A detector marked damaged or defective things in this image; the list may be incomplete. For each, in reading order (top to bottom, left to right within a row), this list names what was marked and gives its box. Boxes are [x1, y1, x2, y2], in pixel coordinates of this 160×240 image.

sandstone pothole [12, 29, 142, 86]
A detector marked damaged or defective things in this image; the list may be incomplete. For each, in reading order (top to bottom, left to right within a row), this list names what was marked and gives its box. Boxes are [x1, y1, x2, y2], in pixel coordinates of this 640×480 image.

++++

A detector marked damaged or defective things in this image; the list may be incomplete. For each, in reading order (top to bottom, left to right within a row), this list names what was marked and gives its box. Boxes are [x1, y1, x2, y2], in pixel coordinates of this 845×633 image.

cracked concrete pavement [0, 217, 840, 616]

++++

Reproduce exactly the section above that begins at the line containing "this 160×240 image." and ends at the line containing "this 640×480 image.", leaving out all other lines.

**WRITTEN RESPONSE:**
A detector marked damaged or defective things in this image; the list may be incomplete. For each, in reading order (top to bottom, left to right within a row), this list names what was marked and gives its box. Boxes are [x1, y1, x2, y2], in pixel coordinates of this 160×240 image.

sandstone pothole [12, 29, 142, 86]
A detector marked damaged or defective things in this image; the list may be incomplete. For each, in reading order (top to bottom, left to right within a row), this list names what was marked and gives its box. Boxes are [x1, y1, x2, y2], in pixel coordinates of this 640×480 image.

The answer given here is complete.